**PROMPT:** Your copy of the entries below should hold exactly the lines from the one containing "دومین مورد آبله" to the one containing "エマーキット 2ml EMAKED", inclusive, and no pictures.

**DATA:**
━━━━━━━━━━━━━━━━

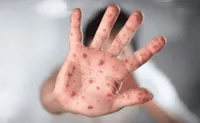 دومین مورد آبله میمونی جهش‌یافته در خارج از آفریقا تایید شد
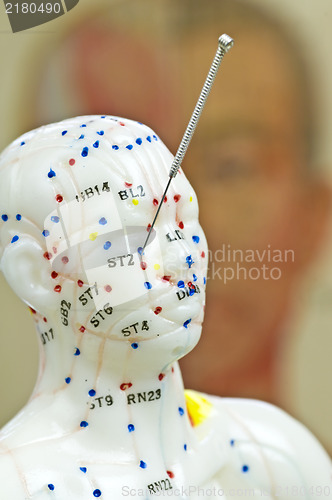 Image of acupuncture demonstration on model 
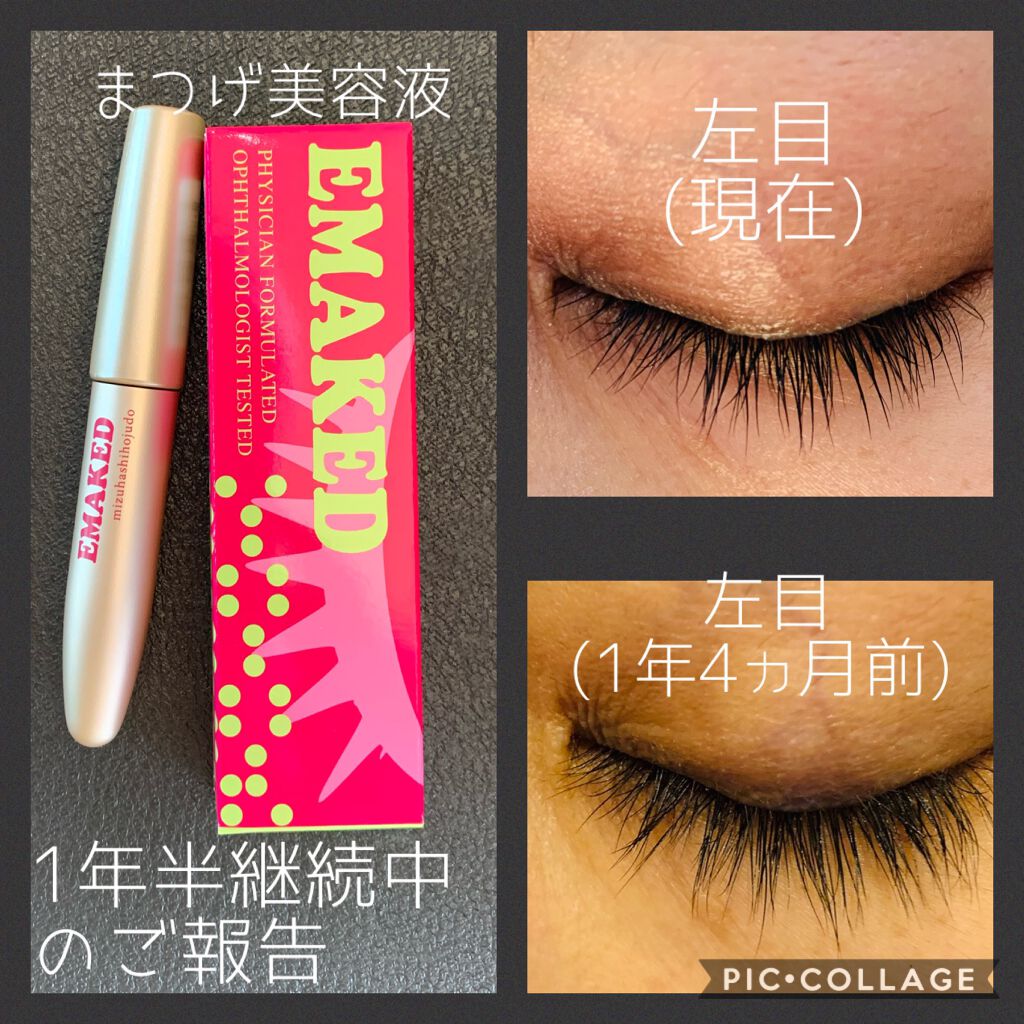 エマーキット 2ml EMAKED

━━━━━━━━━━━━━━━━

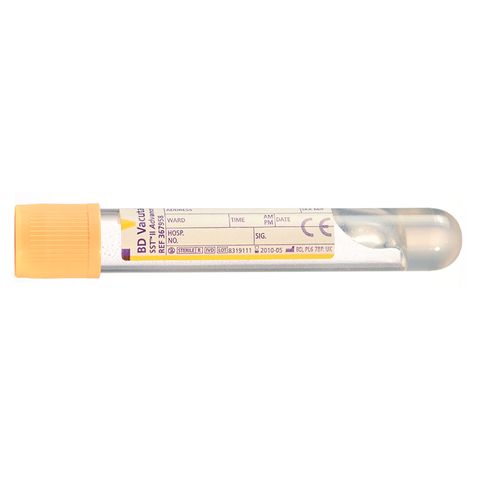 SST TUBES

━━━━━━━━━━━━━━━━

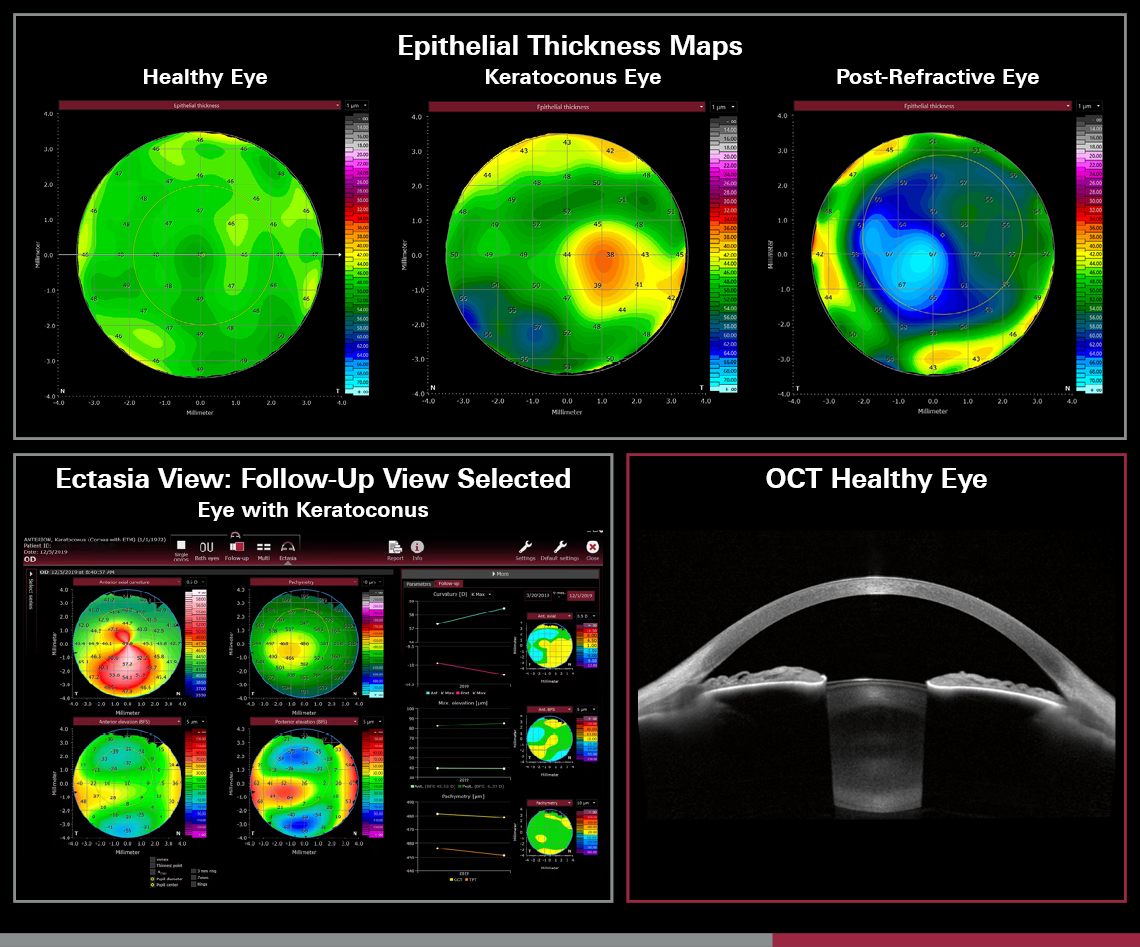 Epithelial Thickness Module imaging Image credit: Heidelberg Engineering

━━━━━━━━━━━━━━━━

**OUTPUT FOR THIS EXERCISE:**
 دومین مورد آبله میمونی جهش‌یافته در خارج از آفریقا تایید شد
 Image of acupuncture demonstration on model 
 エマーキット 2ml EMAKED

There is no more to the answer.